§ Directions for this task
Only the lines below between the one holding "Bantam King - Fried" and the one holding "Dolce & Gabbana", inclusive, are to be reproduced word for word; the pictures are to be left out.

[Captioned web images]
* * * * * * * * *

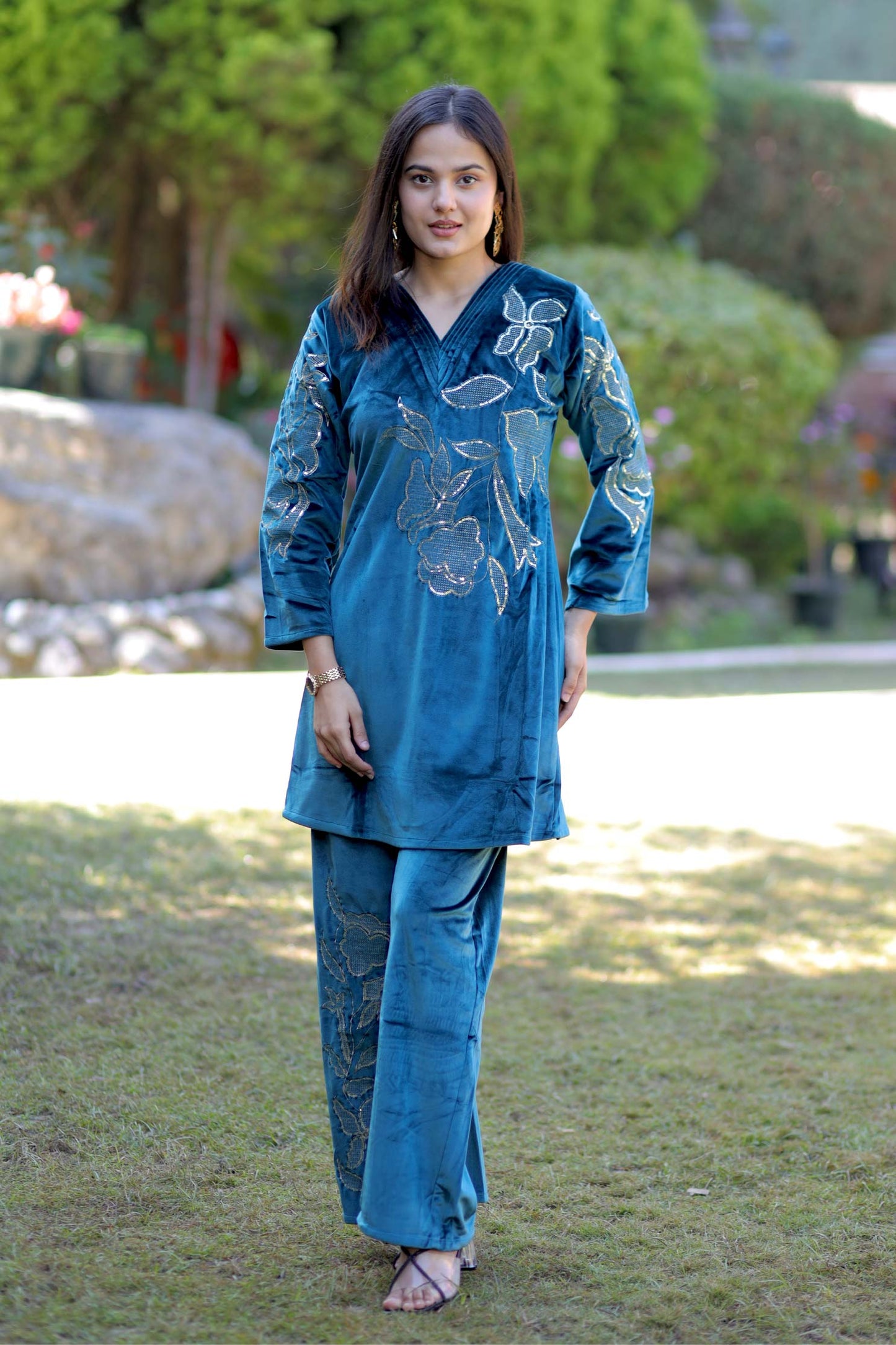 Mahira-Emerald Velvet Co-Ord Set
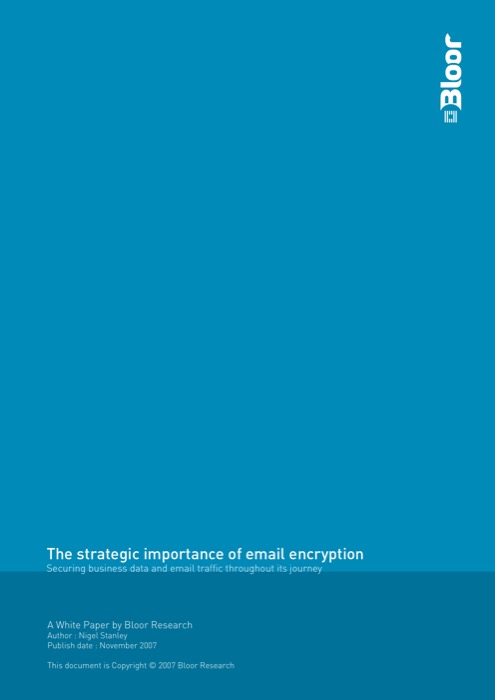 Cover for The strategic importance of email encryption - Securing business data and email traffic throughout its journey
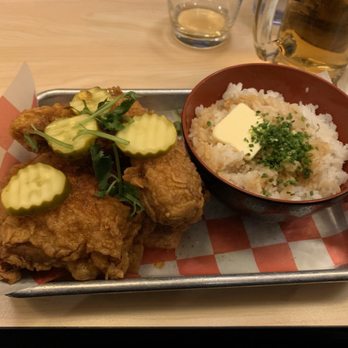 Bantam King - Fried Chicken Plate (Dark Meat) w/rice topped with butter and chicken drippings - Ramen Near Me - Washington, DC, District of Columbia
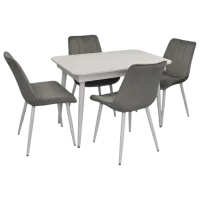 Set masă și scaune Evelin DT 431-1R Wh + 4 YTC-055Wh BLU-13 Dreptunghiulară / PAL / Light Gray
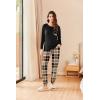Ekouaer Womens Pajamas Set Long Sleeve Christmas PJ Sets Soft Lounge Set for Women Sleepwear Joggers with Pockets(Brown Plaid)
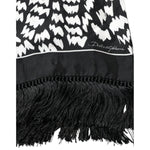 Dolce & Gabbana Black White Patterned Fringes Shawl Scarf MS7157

* * * * * * * * *

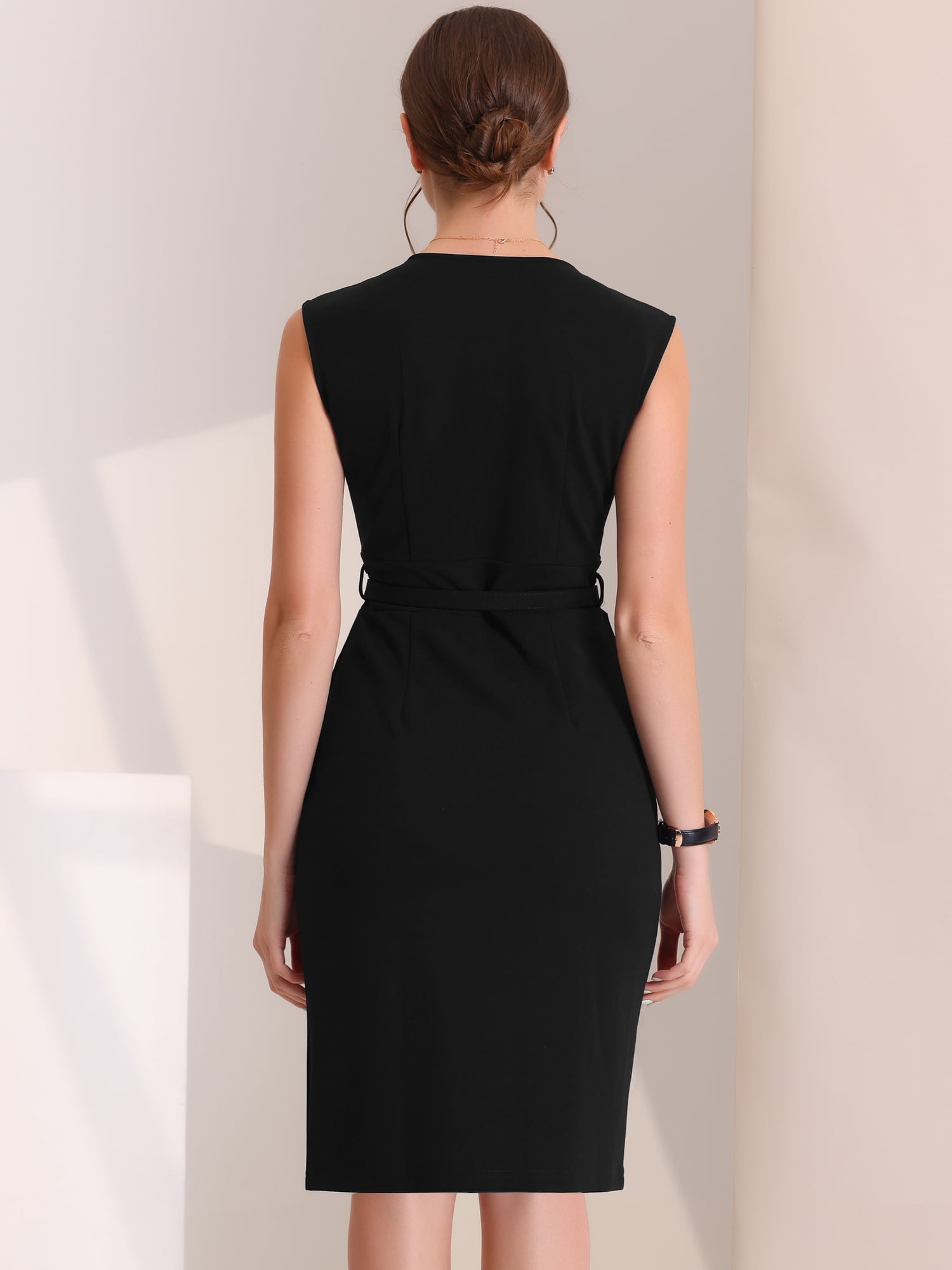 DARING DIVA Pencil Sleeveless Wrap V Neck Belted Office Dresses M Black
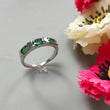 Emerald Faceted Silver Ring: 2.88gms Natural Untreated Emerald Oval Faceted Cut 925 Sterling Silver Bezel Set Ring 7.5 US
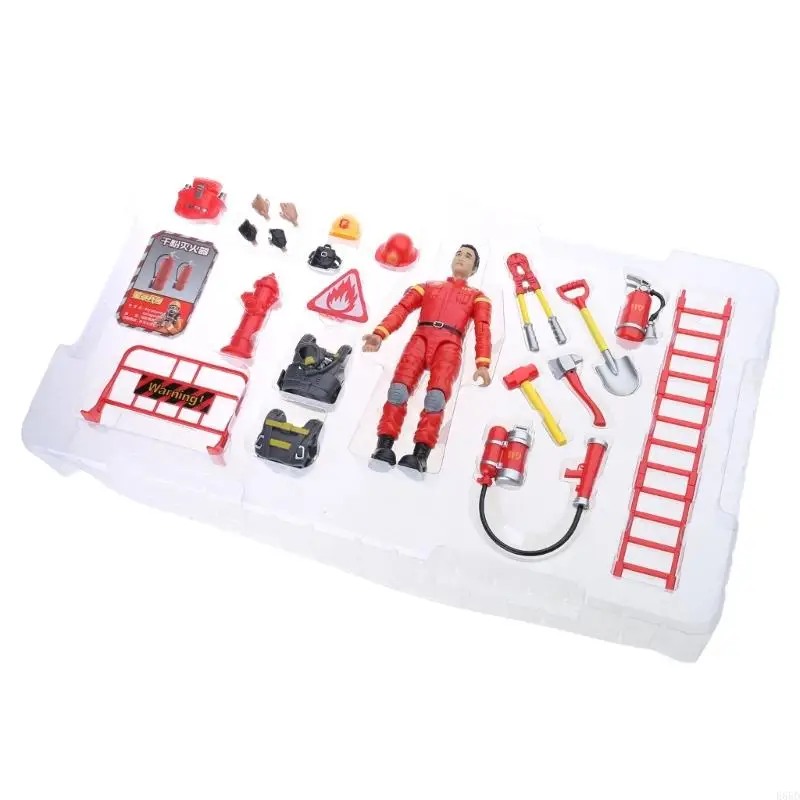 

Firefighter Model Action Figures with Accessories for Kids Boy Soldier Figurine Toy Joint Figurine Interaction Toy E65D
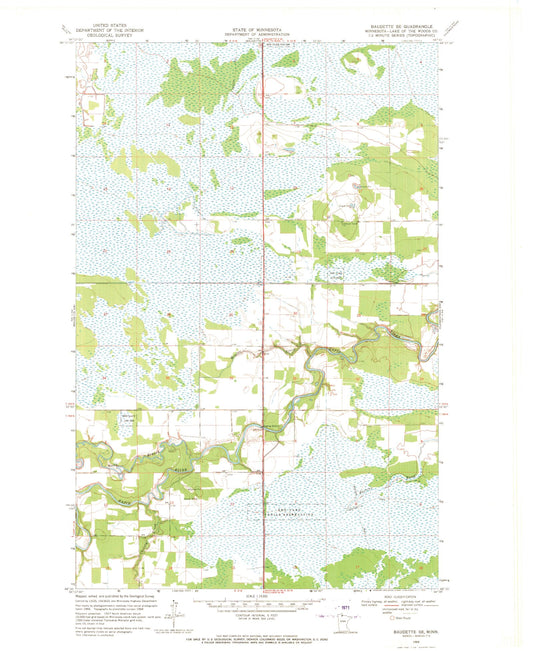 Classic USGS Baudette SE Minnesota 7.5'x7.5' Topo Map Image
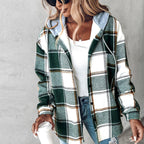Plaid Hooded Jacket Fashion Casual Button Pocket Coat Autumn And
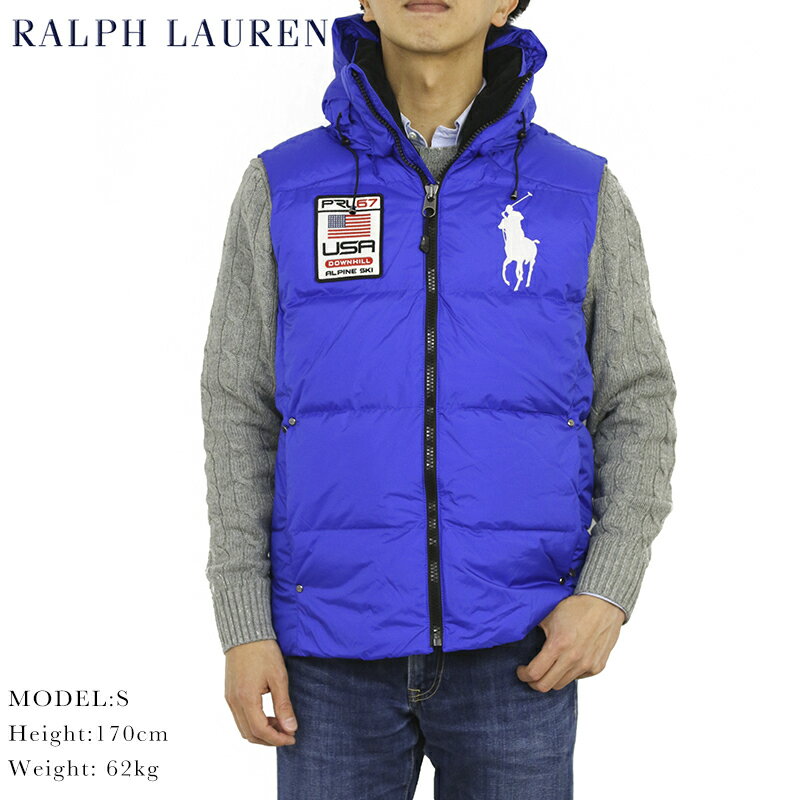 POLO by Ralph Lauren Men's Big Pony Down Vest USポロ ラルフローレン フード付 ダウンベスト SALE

* * * * * * * * *

§ Response to this task
 Bantam King - Fried Chicken Plate (Dark Meat) w/rice topped with butter and chicken drippings - Ramen Near Me - Washington, DC, District of Columbia
 Set masă și scaune Evelin DT 431-1R Wh + 4 YTC-055Wh BLU-13 Dreptunghiulară / PAL / Light Gray
Ekouaer Womens Pajamas Set Long Sleeve Christmas PJ Sets Soft Lounge Set for Women Sleepwear Joggers with Pockets(Brown Plaid)
 Dolce & Gabbana Black White Patterned Fringes Shawl Scarf MS7157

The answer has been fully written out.